The deceit mostly takes place during the interview, with more than 75% of those who lied admitted to doing it during this stage of recruitment. Another 52% said the lie is at the job description, while 24% said it’s in the offer letter.

Why do recruiters lie to candidates?

But what exactly do these hiring managers lie about? According to the survey, 40% said they lie about the role’s responsibilities. Others said:

  • Growth opportunities at the company (39%)
  • Career development opportunities (38%)
  • Company culture (31%)
  • Benefits (28%)
  • Company commitment to social issues (27%)
  • Financial health of the company (26%)
  • Compensation (24%)
  • Turnover rate (22%)
  • Job location (remote or hybrid) [20%]

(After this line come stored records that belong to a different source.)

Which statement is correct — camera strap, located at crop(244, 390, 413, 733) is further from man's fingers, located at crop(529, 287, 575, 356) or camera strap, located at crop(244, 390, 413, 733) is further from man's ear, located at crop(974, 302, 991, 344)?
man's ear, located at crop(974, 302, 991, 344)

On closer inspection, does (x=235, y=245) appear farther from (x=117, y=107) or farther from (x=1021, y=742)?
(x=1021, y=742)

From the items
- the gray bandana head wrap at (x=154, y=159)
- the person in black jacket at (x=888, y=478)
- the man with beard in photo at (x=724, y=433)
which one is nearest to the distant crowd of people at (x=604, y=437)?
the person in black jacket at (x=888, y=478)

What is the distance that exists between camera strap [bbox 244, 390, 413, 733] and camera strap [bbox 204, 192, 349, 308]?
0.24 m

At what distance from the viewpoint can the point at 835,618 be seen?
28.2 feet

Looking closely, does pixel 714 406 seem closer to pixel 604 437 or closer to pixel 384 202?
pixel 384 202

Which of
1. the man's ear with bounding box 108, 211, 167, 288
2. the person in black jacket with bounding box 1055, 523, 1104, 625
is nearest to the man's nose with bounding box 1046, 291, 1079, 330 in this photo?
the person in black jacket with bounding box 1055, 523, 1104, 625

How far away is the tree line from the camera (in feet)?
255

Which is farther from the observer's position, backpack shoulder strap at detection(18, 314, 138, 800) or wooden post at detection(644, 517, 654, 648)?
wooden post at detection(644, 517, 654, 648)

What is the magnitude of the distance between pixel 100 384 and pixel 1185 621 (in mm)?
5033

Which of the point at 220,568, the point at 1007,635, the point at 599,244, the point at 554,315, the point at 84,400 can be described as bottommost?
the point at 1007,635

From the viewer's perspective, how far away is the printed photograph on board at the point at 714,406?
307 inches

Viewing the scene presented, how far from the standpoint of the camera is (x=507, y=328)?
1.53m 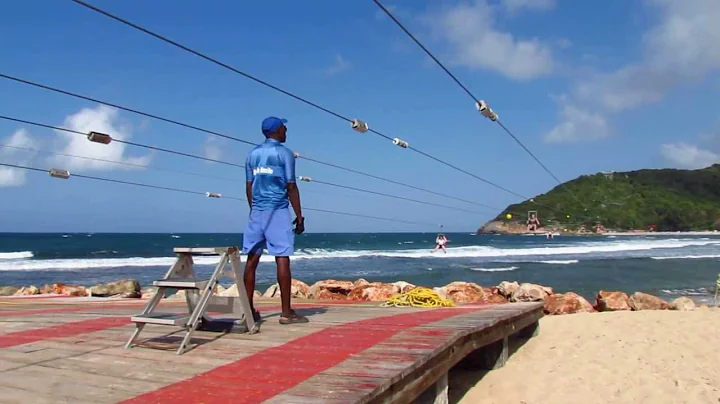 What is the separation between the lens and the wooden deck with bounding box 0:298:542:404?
9.64 feet

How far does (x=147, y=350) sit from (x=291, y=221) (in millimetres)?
1552

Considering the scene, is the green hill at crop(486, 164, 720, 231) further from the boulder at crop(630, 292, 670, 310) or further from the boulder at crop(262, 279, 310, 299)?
the boulder at crop(262, 279, 310, 299)

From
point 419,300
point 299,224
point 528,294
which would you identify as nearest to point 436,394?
point 299,224

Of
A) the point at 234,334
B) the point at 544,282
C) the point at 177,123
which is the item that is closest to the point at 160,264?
the point at 544,282

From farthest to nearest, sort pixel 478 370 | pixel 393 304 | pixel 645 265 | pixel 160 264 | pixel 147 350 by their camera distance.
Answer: pixel 160 264 → pixel 645 265 → pixel 393 304 → pixel 478 370 → pixel 147 350

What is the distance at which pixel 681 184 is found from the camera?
166000 millimetres

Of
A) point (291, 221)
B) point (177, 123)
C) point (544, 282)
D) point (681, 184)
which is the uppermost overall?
point (681, 184)

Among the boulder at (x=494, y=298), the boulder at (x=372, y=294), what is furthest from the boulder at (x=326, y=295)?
the boulder at (x=494, y=298)

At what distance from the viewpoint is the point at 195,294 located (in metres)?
4.55

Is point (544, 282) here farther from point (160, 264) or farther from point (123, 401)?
point (160, 264)

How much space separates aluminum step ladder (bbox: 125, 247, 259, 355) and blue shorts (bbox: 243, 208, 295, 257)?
0.38 m

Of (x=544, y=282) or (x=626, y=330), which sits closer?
(x=626, y=330)

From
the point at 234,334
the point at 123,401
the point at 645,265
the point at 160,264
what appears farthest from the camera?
the point at 160,264

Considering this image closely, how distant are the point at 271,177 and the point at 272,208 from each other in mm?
265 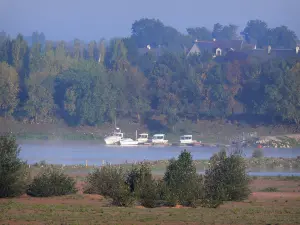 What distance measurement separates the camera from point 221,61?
10250 cm

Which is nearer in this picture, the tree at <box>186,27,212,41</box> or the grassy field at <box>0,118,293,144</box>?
the grassy field at <box>0,118,293,144</box>

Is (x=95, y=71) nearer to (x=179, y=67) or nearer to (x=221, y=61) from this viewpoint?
(x=179, y=67)

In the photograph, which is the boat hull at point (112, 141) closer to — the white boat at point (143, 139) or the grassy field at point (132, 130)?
the white boat at point (143, 139)

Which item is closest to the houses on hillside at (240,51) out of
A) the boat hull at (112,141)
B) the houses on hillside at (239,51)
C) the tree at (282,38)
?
the houses on hillside at (239,51)

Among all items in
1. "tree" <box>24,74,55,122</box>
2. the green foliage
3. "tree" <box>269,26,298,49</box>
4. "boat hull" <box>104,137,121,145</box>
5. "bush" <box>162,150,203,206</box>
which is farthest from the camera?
"tree" <box>269,26,298,49</box>

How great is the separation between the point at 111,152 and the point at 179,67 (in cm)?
2665

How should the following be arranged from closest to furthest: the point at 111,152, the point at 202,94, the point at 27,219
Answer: the point at 27,219 → the point at 111,152 → the point at 202,94

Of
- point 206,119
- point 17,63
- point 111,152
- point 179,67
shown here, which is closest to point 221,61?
point 179,67

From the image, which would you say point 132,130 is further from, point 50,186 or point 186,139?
point 50,186

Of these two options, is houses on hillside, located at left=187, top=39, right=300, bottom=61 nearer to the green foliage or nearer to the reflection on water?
the reflection on water

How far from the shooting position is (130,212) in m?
27.2

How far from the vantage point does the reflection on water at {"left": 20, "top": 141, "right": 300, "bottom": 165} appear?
200 ft

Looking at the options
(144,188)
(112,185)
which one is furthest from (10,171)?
(144,188)

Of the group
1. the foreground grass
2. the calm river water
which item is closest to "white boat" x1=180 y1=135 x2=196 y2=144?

According to the hiring managers surveyed, they lie to “protect sensitive company information” and “cover up negative information about the company.” Other reasons they cited include:

  • To attract job seekers, some benefits are exaggerated
  • To deliberately say things that will please the candidate
  • To make the job sound better than it really i
  • To attract more qualified candidates

How lying during hiring can impact employee retention

Stacie Haller, chief career advisor at, slammed the practice of lying to job candidates as it could undermine an organisation’s integrity.

“Honesty not only upholds an organisation’s reputation but also is critical for cultivating success for both the company and the individuals it seeks to attract,” Haller said in a press release, and deceit can also lead to bad outcomes for the organisation and candidate.